The Game's The Thing
On Sunday, more than 70,000 people will pack Raymond James Stadium, and gazillions of others will be watching around the world. It's hard to believe that such a spectacle will not go on year after year.
But some longtime observers question the future of such extravagance. "I believe that continued national and global economic pressures on companies and travelers would impact next year's game in the same negative way that it would impact other spending throughout the travel and entertainment industry," says Robert Canton, director of PricewaterhouseCoopers' Hospitality and Leisure practice.
But, Canton adds, an interesting story line — such as the New England Patriots' quest for a perfect season, which ended with a loss in last year's game, or when two major-market teams meet — can boost interest in the event and "potentially offset some of the negative impact of a down economy."
Matt Gaventa, former editor of the SportsMediaWatch Web site, agrees. In 2006 he wrote about the necessity of a strong, dramatic narrative for a Super Bowl to be successful. Eventually, he says, hype and hoopla just don't cut it.
"How much more excess could there be?" he asks today. "How much more could be crammed in? What you see are iterations of the same five story lines — in attempts to build up that hype to the same level. Sometimes that works, and sometimes you have the Cardinals and nobody cares."

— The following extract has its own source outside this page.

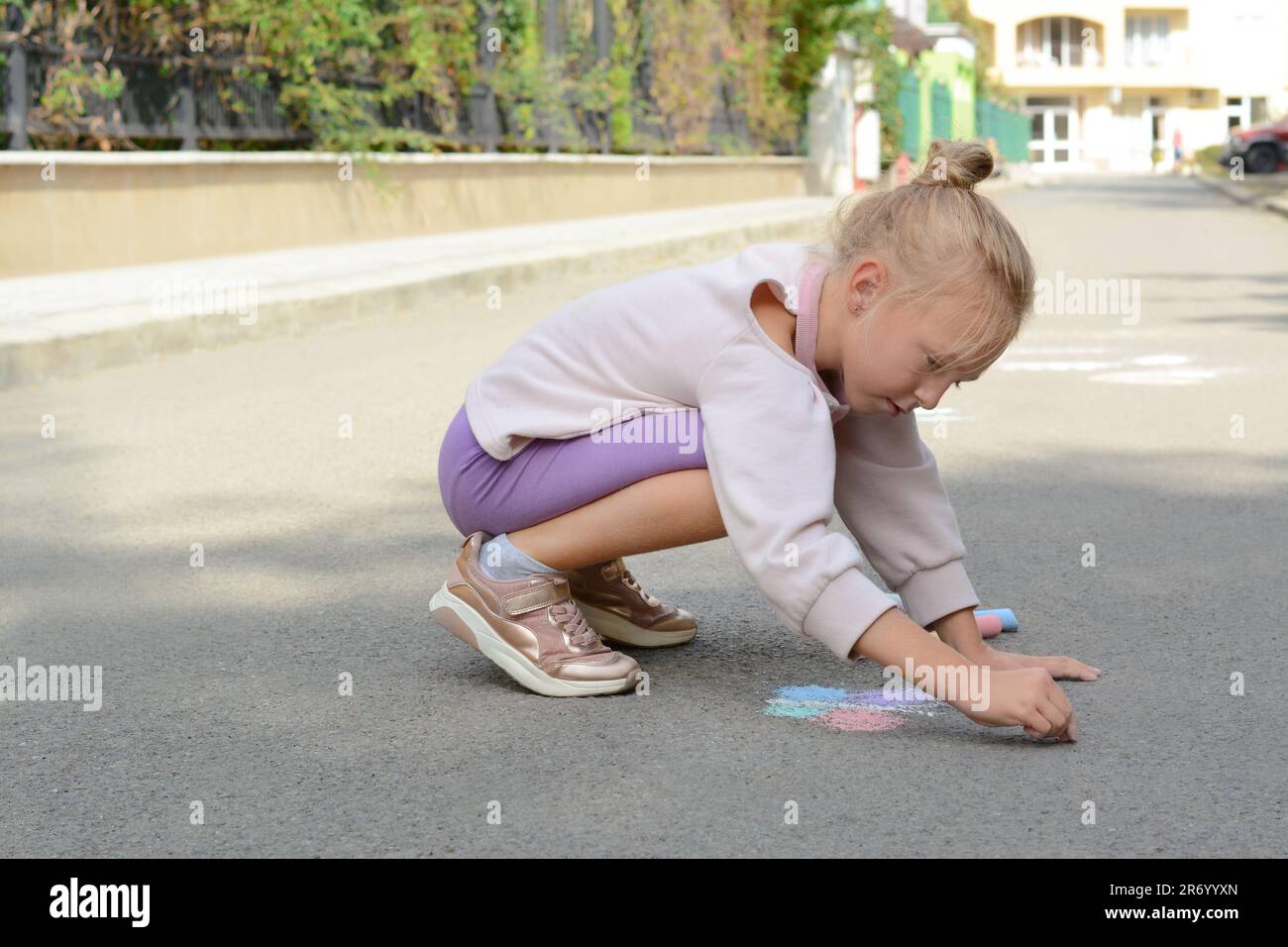 Little child drawing butterfly with chalk on asphalt Stock Photo - Alamy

These days, he says, "the country seems more interested in the political arena" than in a professional sports contest.
But in sports bars all across the country, fans will be debating the game and asking hypothetical questions. Suppose in the future there is not an interesting story line for the Super Bowl? Suppose small-market teams, the kind that don't naturally draw large followings, play each other? What if the economy continues its downward spiral? And large corporations cannot afford to spend $3 million for a commercial spot? And ticket sales fall? And players are forced to take pay cuts? And they strike instead of playing? Or fans get fed up with the outsize salaries and opulent lifestyles of the players?
Will the Super Bowl morph back into a sparer version, like in the early days when college marching bands — instead of Bruce Springsteen — headlined the half-time show?
Such questions are outrageous and sensational, but in these harsh economic times, we have seen more than one apparently wildly successful enterprise fail spectacularly.
Besides, what is the Super Bowl without hyperbole?
The Associated Press contributed to this report.